There is a helpful inner practice that I’ve shared in my newly released dream primer (on Amazon), “Who Are Those Guys?” about the many characters who come to us in our dreams. I’m explaining how I began to learn the difference between what was an essential feeling and a non-essential feeling. Here is an excerpt:
I had an amazing first experience with this years ago and didn’t know at the time how important it was. Into day two of a meditation retreat, long hours of sitting, I received a beautiful inner teaching. I suddenly saw in my mind’s eye a beautiful low black lacquered table sitting in front of my meditation cushion. An inner guidance showed me what to do, so on the table I ‘laid’ a strong negative opinion I had about someone and asked myself, “Am I still me without this opinion?” Of course, the answer was yes, so in a mental sweeping of my arm, I swept the opinion off the table. Huh…still me.

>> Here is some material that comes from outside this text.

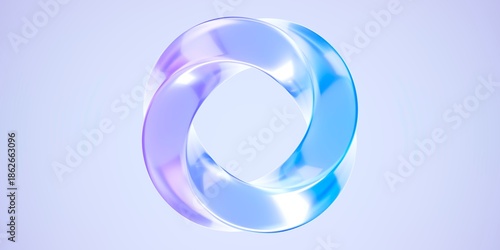 Tablou pe pânză abstract 3d intertwined loops in iridescent gradients, minimalist crystalline liquid design on soft pastel background, futuristic geometric shape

So began a lengthy laying on the table of judgements, opinions, ideas I had about others, about myself, who I thought I was and needed to be. None were standing up to the question, “Am I still me without this…?” The time between the question and the answer slowly lengthened, became more difficult, closer to the bone. Then came the questions…“Am I still me without kindness?”…“without love?”…“without the ability to feel sadness?” Each time the answer was ‘No.’ I would not be me without these essential feelings. Not only would I not be me, I wouldn’t want to exist without those qualities. I realized later that I had arrived at those feelings of my essential self.
What would later become core to my work with dreams was previewed for me in that meditation. Essential feelings are part of who we are in our essence, our soul and to which the dream wants to return us. That would seem to mean that when I refuse to feel my vulnerability, my pain, my loss…I’m not my real me…and I want to be real me.